■ TASK ITEM: In this exercise, print only the lines of the records below from the one with "la comida chatarra?" through the one with "无法拒绝的芭蕾舞鞋 相比于", inclusive. Pictures are not part of the copy.

■ Brief descriptive captions:
------------------------------------------------------------
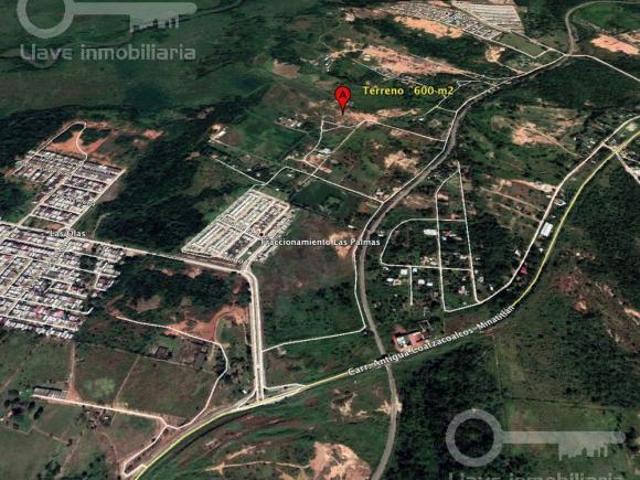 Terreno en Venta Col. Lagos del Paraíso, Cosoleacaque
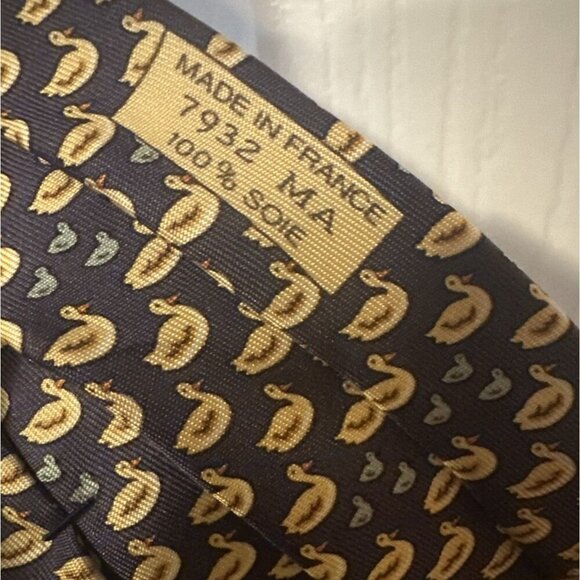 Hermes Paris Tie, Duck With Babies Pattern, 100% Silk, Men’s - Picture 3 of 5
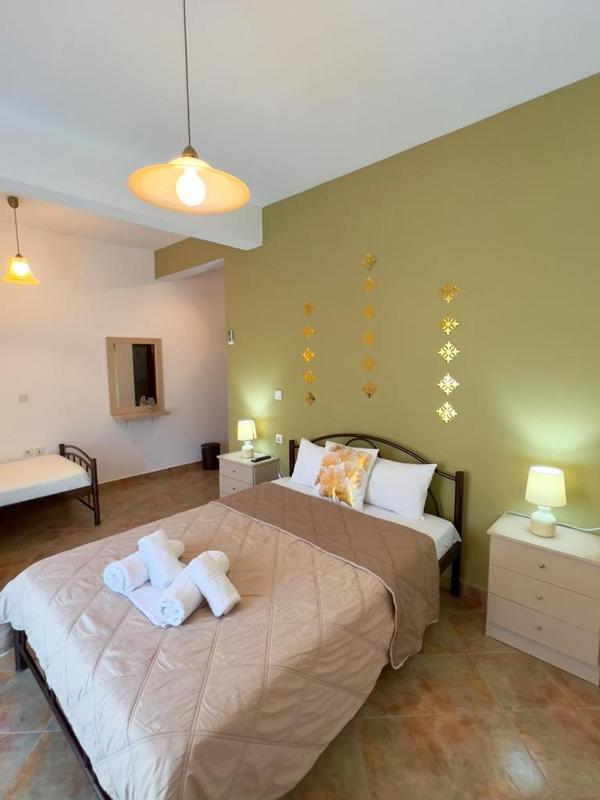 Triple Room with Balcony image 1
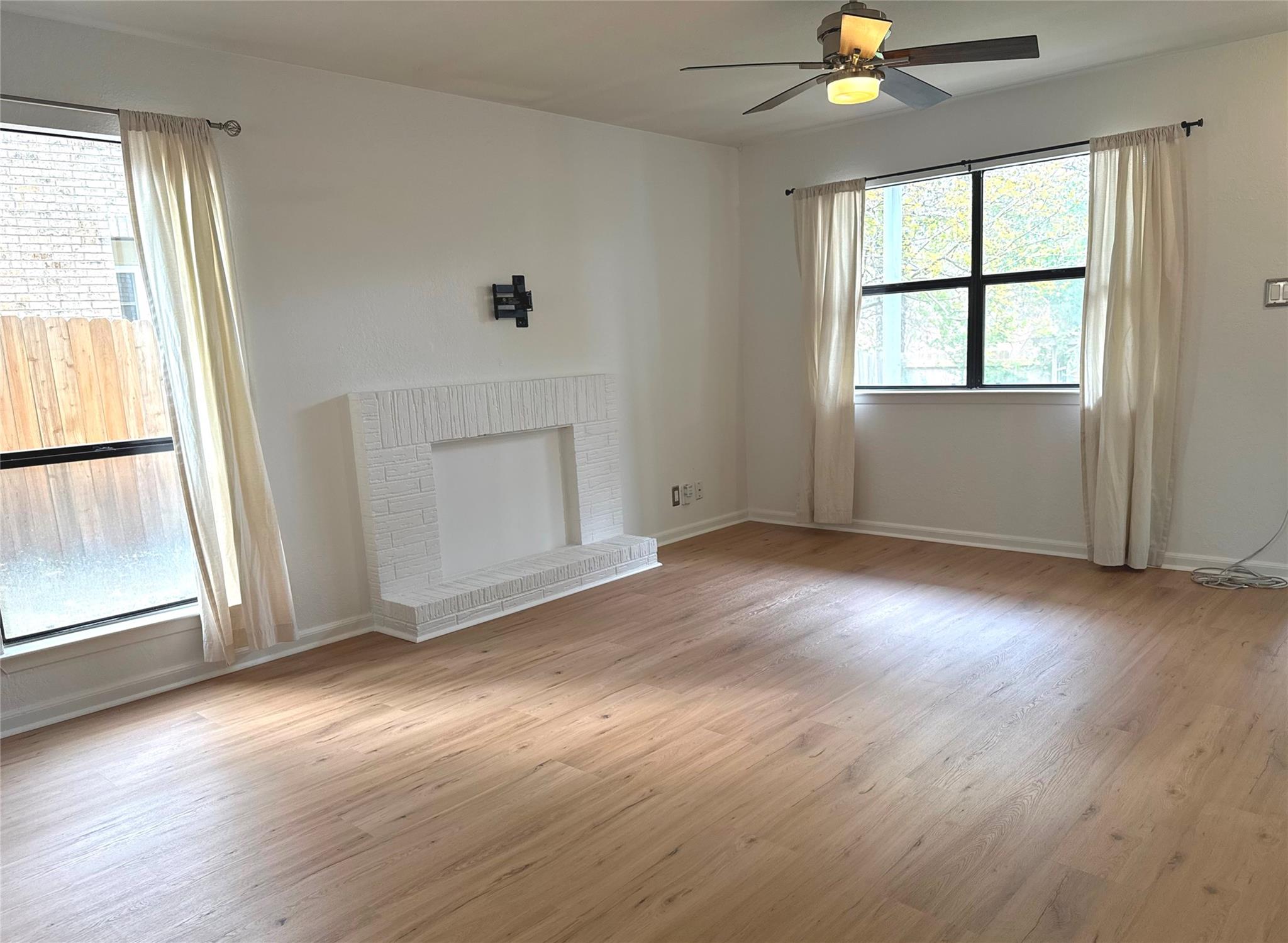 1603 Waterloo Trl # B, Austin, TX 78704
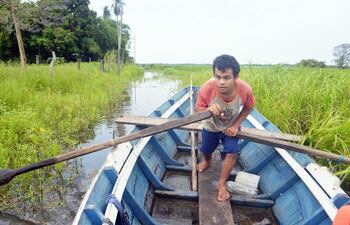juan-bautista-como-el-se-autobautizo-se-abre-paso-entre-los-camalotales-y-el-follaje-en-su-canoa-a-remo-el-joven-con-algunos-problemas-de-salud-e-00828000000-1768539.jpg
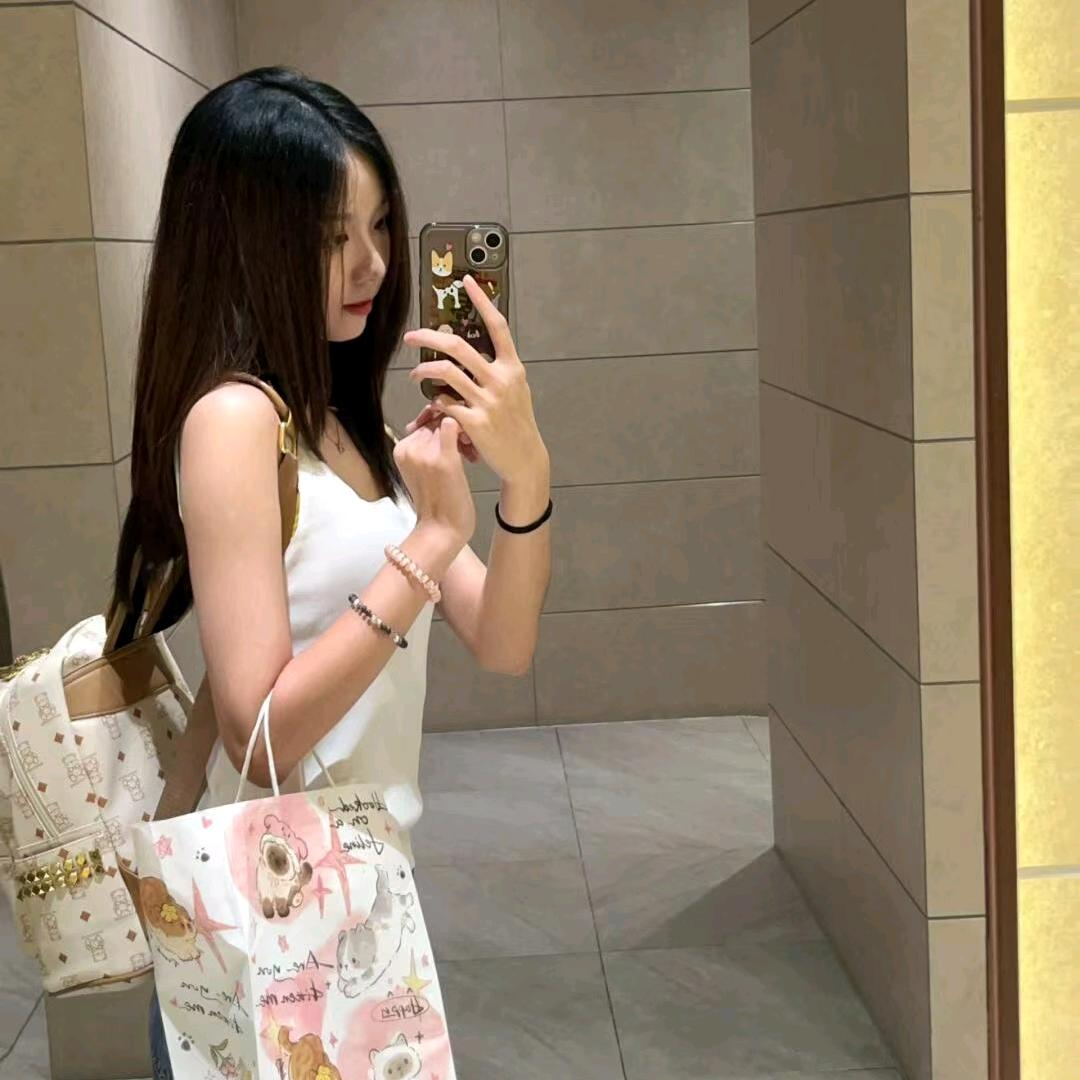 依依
------------------------------------------------------------
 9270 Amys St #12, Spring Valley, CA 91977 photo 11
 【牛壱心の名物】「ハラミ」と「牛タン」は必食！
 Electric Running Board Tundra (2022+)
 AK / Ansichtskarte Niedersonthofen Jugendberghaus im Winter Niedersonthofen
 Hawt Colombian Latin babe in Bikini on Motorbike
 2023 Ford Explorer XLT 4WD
------------------------------------------------------------
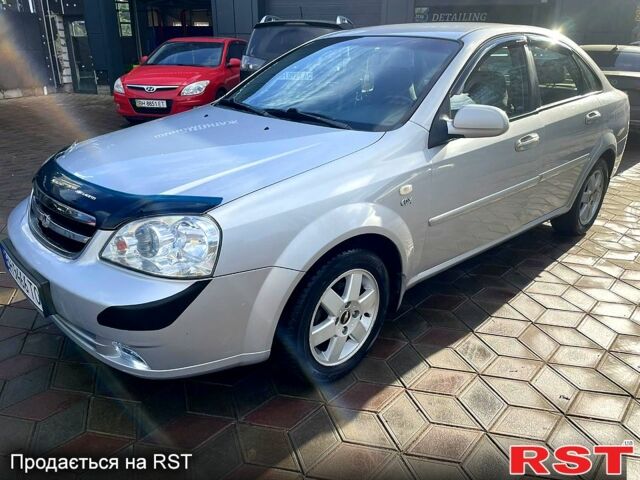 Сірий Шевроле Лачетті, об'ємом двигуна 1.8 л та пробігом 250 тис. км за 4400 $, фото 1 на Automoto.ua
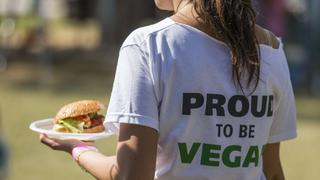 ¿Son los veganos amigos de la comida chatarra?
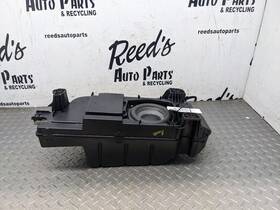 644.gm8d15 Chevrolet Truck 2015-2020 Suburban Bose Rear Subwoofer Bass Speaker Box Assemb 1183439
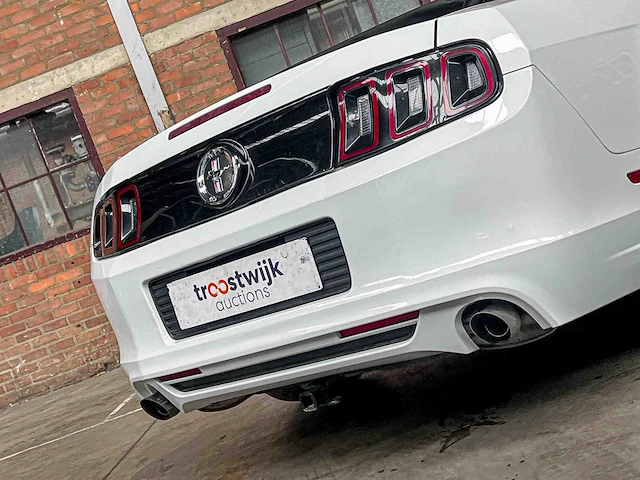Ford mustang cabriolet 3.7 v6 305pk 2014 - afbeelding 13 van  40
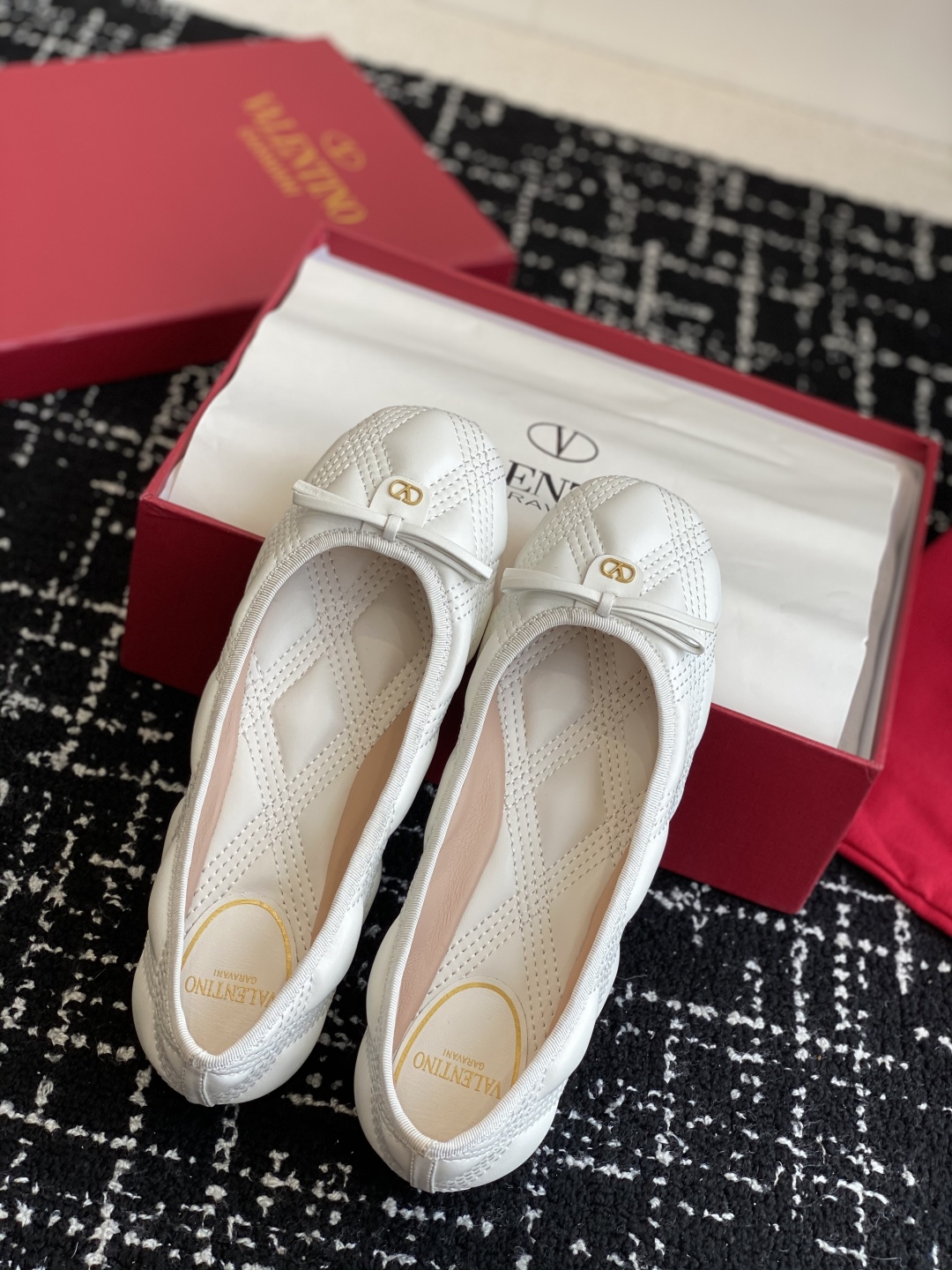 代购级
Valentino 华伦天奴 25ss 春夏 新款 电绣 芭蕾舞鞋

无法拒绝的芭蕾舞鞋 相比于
------------------------------------------------------------
■ THE ANSWER:
 ¿Son los veganos amigos de la comida chatarra?
 644.gm8d15 Chevrolet Truck 2015-2020 Suburban Bose Rear Subwoofer Bass Speaker Box Assemb 1183439
Ford mustang cabriolet 3.7 v6 305pk 2014 - afbeelding 13 van  40
 代购级
Valentino 华伦天奴 25ss 春夏 新款 电绣 芭蕾舞鞋

无法拒绝的芭蕾舞鞋 相比于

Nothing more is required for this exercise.